INPUT DATA section start
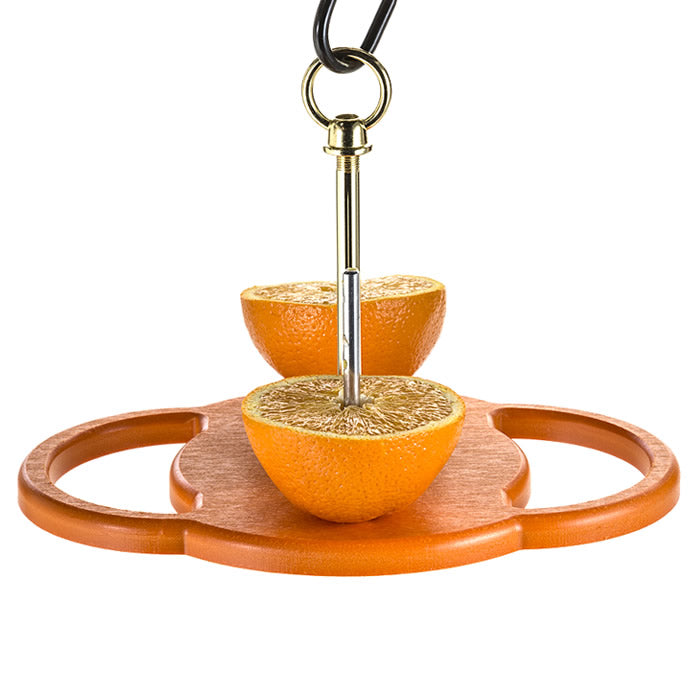 Duncraft Oriole Fruit Feeder displaying two skewer-mounted orange halves with wide, circular perches for easy feeding, ideal for attracting orioles.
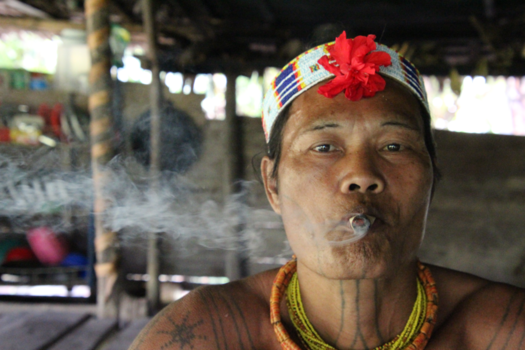 Siberut - Aman topple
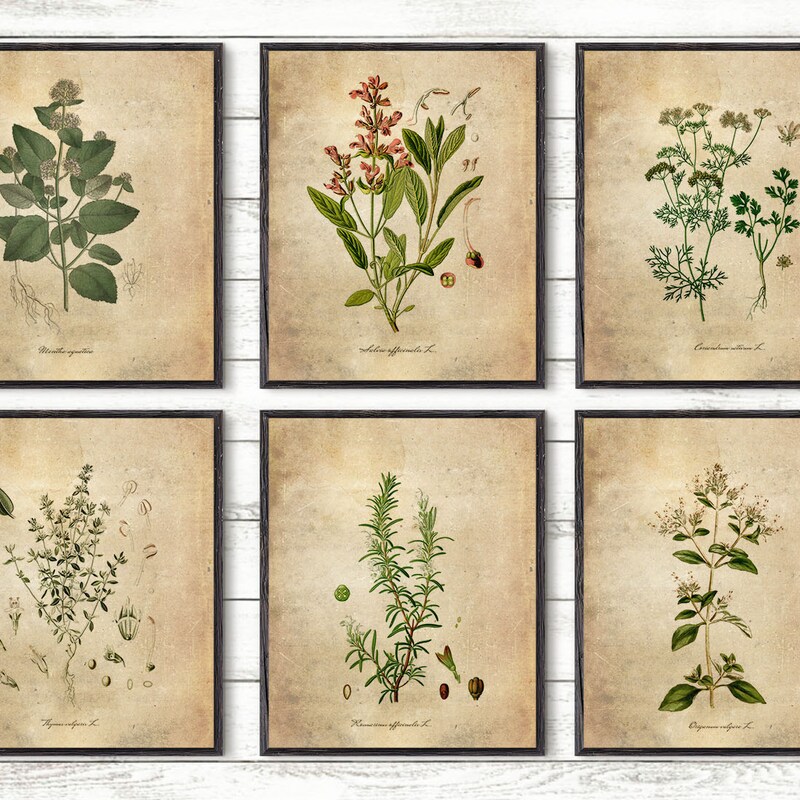 botanical herb prints set of 4 unframed botanical herb... Herb Print - Etsy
INPUT DATA section end
• _EXERCISE DETAILS_
From the line containing "Siberut - Aman topple" down to the last line of the data, print every line exactly and nothing else. Pictures stay out of the copy.

• _RESULT OF THIS EXERCISE_
 Siberut - Aman topple
 botanical herb prints set of 4 unframed botanical herb... Herb Print - Etsy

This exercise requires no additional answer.